•
Path Dependency
Eva L'Hoest
exhibition views at Artopia Gallery, Milan
9th May - 12th July 2024
The ground floor hosts the exhibition Path Dependency by Belgian artist Eva L'Hoest (Liège, 1991), which addresses the increasingly close and conditioning relationship between technology, nature and the role of man in this complex and intimate network, a recurring motif in her artistic practice. The works exhibited, arranged in line with the specificity of the space, reflect on the visible and invisible forces that shape our world and offer a glimpse into the blind areas of our civilisation.

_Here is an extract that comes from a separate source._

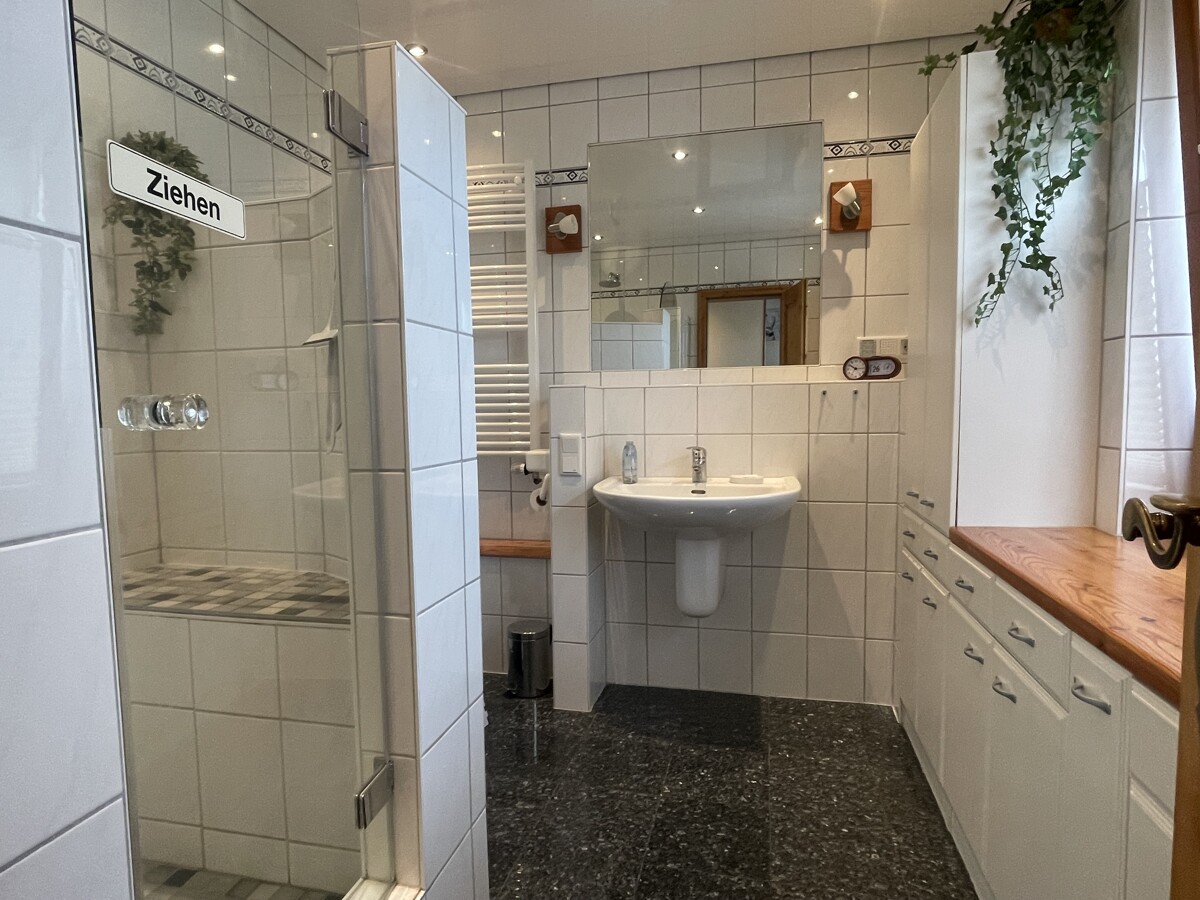 Duschbad Dachgeschoss Duschbad Dachgeschoss - Objekt 9851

Path Dependency is displayed on the ground floor and opens with One hundred staring sheep (2024), a photographic diptych that is significant for understanding the evolution of Eva L'Hoest's approach. The two photographic prints reveal the physical limits of the mirrors of a 3D scanner during the reconstruction of a landscape in Belgium, a method also frequently used during inspections inside nuclear power plants or at crime scenes. In the digital space created by the artist, the scene of relations with a specific place, the human eye is replaced according to a process comparable to analogue photography. In the images created by L'Hoest, stopped at a stage just before their final processing, one can simultaneously read proximity and distance from the landscape, in a fruition whose time is marked by signs of technological derivation.

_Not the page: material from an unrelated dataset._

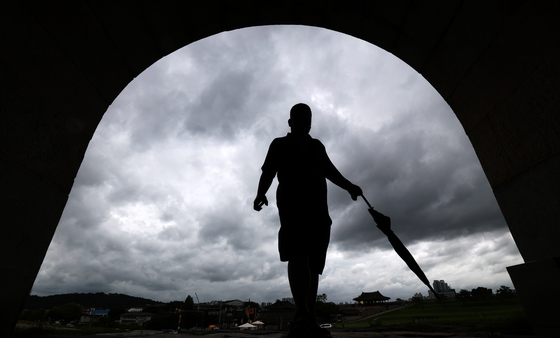 [오늘의 날씨] 경기(19일, 금)…대체로 흐림·아침 영하권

The artist's sculptural construction forms are revealed in the toxic layers of Consecrated Lightning! (2023) - in which waste and industrial processing scraps seem to camouflage themselves in organic forms - and in the cartographic measuring instruments inspired by the Etruscan gromes of Don't Feed The Birds (2021). The two works look at anthropic actions as inevitable transformations of the environment: connecting the world and connecting to the world through one's body has led human beings to order their surroundings through a dense network of roads and cables dedicated to transporting energy and information.

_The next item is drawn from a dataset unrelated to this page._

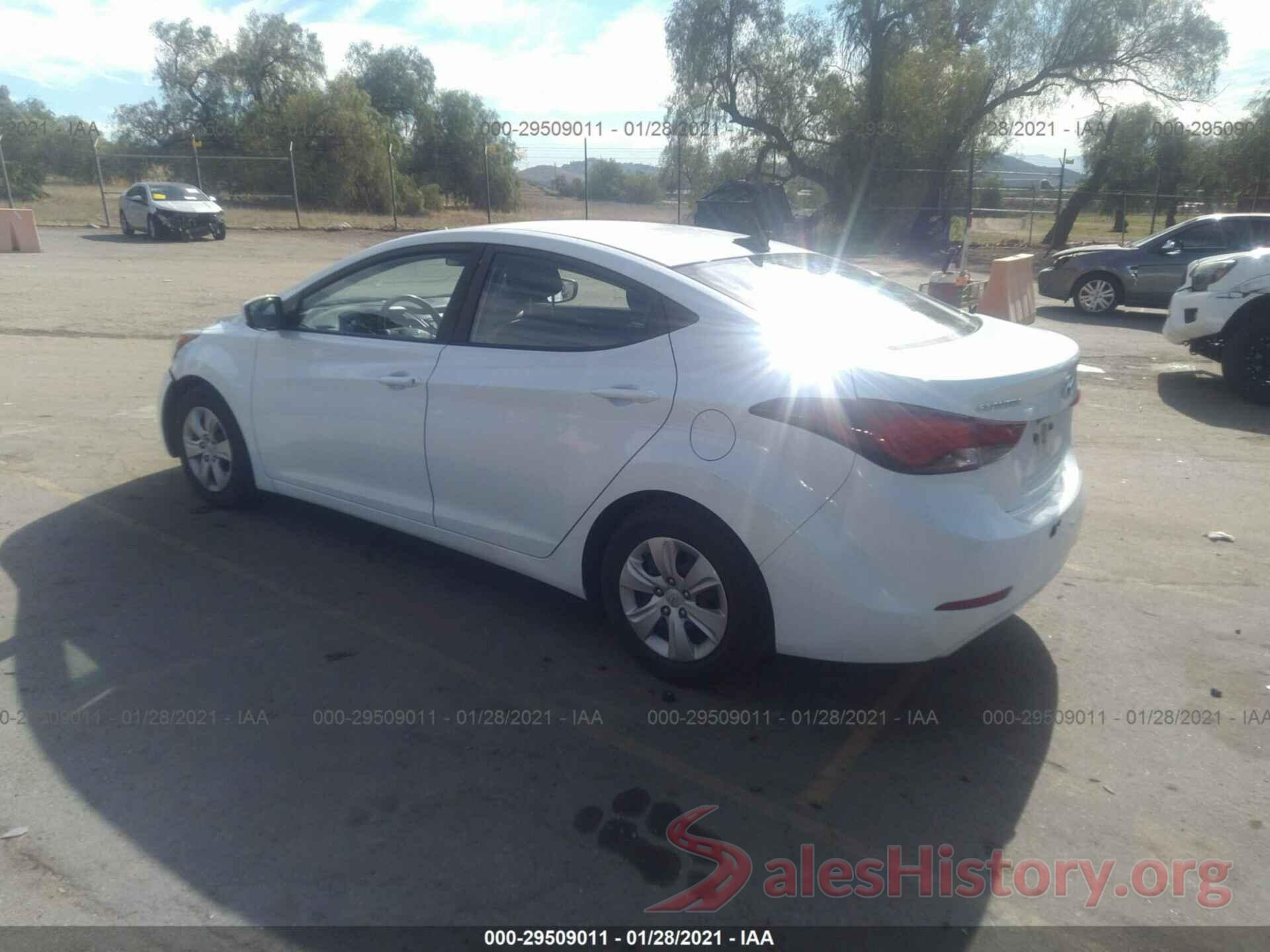 5NPDH4AE7GH699099 2016 HYUNDAI ELANTRA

A connection that manifests itself in Scaffold Mechanics - video sculpture (2023) and What Hath God Wrought? (2023), which together explore an event from the past that can shape the identity of our digital existences. Both works feature a strong component of CGI (computer generated images) and share a common origin: they refer to the history of telegraph lines and, more specifically, to the positioning of submarine cables between Singapore and Australia. A historical event in which even materials such as gutta-percha are laden with colonial meanings and whose consequences can still be read today.
•
Photos by Michela Pedranti
Eva L'Hoest
In her sculptures, performances and audiovisual installations, Eva L’Hoest uses digital technology as an archaeologist’s tool to interpret, distort, saturate or alter the blurred images of memory. She has recently exhibited at the Sydney Biennale, Australia; at the WIELS, Brussels, Belgium; at the Frac Grand Large, Dunkirk, France; at the Riga Contemporary Art Biennale, Latvia; at the Malmö Museum, Sweden; at the Lyon Biennale, curated by the Palais de Tokyo, France; at the Okayama Art Summit 2019, curated by Pierre Huyghe, Japan; in 2018, her videos were screened at Les Rencontres Internationales Paris-Berlin, Visite Film Festival, Vidéographie 21 and in the form of live performances at the International Film Festival Rotterdam, Holland. Her films were also screened at the Centre Pompidou Kanal, Bruxelles; Louvre Auditorium in Paris; the Carreaux du Temple in Paris; the Haus der Kulturen der Welt in Berlin; the Muhka and Het Bos in Antwerp.